Bad Genius catapulted Thai filmmaking to the industry’s consciousness that there is serious talent in the Kingdom of Thailand. Screened at multiple international film festivals, including the Fantasia International Film Festival where it won Best Director and the New York Asian Film Festival where it won Best Feature, the film has been described by critics as “as entertaining as Oceans Eleven” and “a work of craft that will help raise Thai cinema to another level of diversity.”

Structured like a heist film and inspired by the real-life story of students cheating on the SAT, Bad Genius is about a quartet of students who devise and execute an international exam-cheating scheme. Lynn (played brilliantly by Thai model Chutimon Chuengcharoensukying in her movie acting debut) is a lower middle-class student at the top of her class attending a private school in Bangkok. Though she is at the elite school on full scholarship, her single father struggles to pay the extra fees it costs to attend, so she begins to turn a profit by helping her classmates cheat, which starts with her only friend Grace, the president of the drama club who needs to maintain a certain GPA to perform in the school play.

The setup accelerates to mindblowingly lucrative proportions as Lynn is encouraged by Grace’s boyfriend to rake in large fees from the rich students for the real-time answers of an international college admissions exam. To execute their plan, the quartet manipulates another lower middle-class genius, Bank (played by Chanon “Non” Santinatornku), to join Lynn on a trip to Sydney, Australia where the two will sit for the fabled ESTIC test on the same day as their paying customers in Bangkok, commit answers to memory, and send them back during exam breaks in toilet stalls where they have concealed cell phones. There is one nail-biting chase scene in the heist thriller, where Lynn attempts to complete her mission while being pursued by a test monitor in an underground subway station.

The popularity of Bad Genius in Asia and Australia is a credit to the engaging storytelling – an exciting and tense 130 minutes. The film boasts a strong cast and groundbreaking direction around a simple script.

Bad Genius is a fascinating commentary on the corruption of school institutions, class inequalities, and teenage social issues. I suspect it also resonates with Asians who identify with the familial and societal pressure to excel academically, at whatever cost.

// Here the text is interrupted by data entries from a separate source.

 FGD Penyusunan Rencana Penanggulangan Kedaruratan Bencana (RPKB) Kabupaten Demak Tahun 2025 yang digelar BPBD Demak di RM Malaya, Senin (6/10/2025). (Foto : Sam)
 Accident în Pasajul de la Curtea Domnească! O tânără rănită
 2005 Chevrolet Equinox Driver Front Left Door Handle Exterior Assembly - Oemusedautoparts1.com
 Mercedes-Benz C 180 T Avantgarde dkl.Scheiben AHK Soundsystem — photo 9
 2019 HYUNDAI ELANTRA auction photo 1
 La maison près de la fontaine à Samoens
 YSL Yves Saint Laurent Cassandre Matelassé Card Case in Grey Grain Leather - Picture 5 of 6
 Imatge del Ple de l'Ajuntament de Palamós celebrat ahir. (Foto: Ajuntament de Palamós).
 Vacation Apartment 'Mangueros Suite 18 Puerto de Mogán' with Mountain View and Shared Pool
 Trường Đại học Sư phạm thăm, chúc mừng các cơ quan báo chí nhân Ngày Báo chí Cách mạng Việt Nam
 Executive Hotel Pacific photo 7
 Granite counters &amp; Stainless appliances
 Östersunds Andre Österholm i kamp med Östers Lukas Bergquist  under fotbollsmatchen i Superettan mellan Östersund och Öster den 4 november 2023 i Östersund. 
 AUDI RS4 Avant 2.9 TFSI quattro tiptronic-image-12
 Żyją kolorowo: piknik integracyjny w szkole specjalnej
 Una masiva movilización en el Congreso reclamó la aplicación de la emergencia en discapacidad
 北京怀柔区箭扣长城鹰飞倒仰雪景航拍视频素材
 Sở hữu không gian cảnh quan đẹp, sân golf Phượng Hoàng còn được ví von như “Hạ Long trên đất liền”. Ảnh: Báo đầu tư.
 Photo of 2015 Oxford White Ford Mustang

Social currency – acceptance by peers, especially the cool kids – has influence even if money is not involved in a cheating exchange.

At my international high school in Thailand, I witnessed firsthand that average, arguably lazy, but wealthy students could easily gain their way to success with money and connections. My ex-boyfriend, our class valedictorian, confessed to me that he wrote the admission essays for his best friend to transfer into one of the most elite private schools in the U.S.  Even when cheating occurred right under their eyeballs, teachers cast a blind eye, ignored the obvious or looked away. Their failure to acknowledge and discipline the rampant cheating may have signaled their complicit attitude with the systemic corruption. The rich kids in Bad Genius – and at my school – spent more time figuring out how to cheat than actually studying.

Intriguingly, the film was not censored by the Thai government – perhaps a sound decision, since Bad Genius has brought worldwide acclaim to these issues and to the upward trajectory of Thai filmmaking.